What I don’t like is the idea of political parties in this land that is supposed to be a representative democracy. The way a representative democracy is supposed to work, is that we vote for and elect the candidate we think will best represent us. We elect the candidate we believe will vote for or against proposed laws as we would. So that our best interests will be represented within the halls of our democratic government.
The problem is, once elected, “our” elected representative is more likely to do the bidding of their party than they are to do what we want. Which rather makes a mockery of our “representatation.”
The inequity of our “winner take all” political system means any party holding a majority of seats in parliament has absolute power to enact any legislation it wants. For the entire term.
Our political system is older than Canada. Perhaps our flavour of representative democracy was good enough back in 1867, when communication and transportation were far from instantaneous, and governing a land mass the size of Canada was geographically challenging. But with today’s connectivity and access to information, our political system is sorely outdated and hugely inequitable. Worse, our “democracy” has few if any checks and balances to prevent abuse. When we are cursed with a majority government, what we effectively have is a time limited dictatorship.

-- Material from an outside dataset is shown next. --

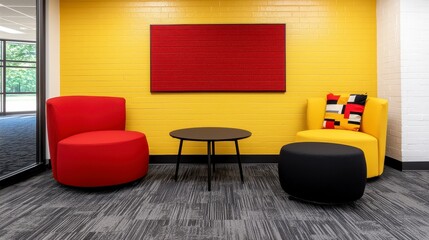 Modern Office Waiting Area with Red and Yellow Armchairs and Geometric Wall Art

(The Senate is supposed to provide “sober second thought,” but partisan Senate padding has resulted in the upper chamber being transformed into a rubber stamp for the party that stacks it the most.)
Because our electoral system is so terribly broken, when any such a majority government seeks to pass laws we don’t approve — the only recourse open to Canadians is to apply the pressure of public opinion. Citizens have to protest in any way we can. All we can do is hope that our government will take heed of our concerns and correct or drop legislation that is not in the public good.
Last summer a great many Canadians were upset by the Conservative “Black Mark Budget” Omnibus bill. Under our woefully antiquated “democracy,” any majority government has the power to pass any law, no matter how unpopular. And when many pieces of unrelated legislation are bundled together and called an “omnibus,” it means these laws are very nearly being passed in secret, because they receive only the most cursory public scrutiny and debate. In a democratic state, at minimum legislation deserves examination and dissent must be heard, even if the system allows for bad law to be passed anyway in the end. We deserve to know when bad law is made.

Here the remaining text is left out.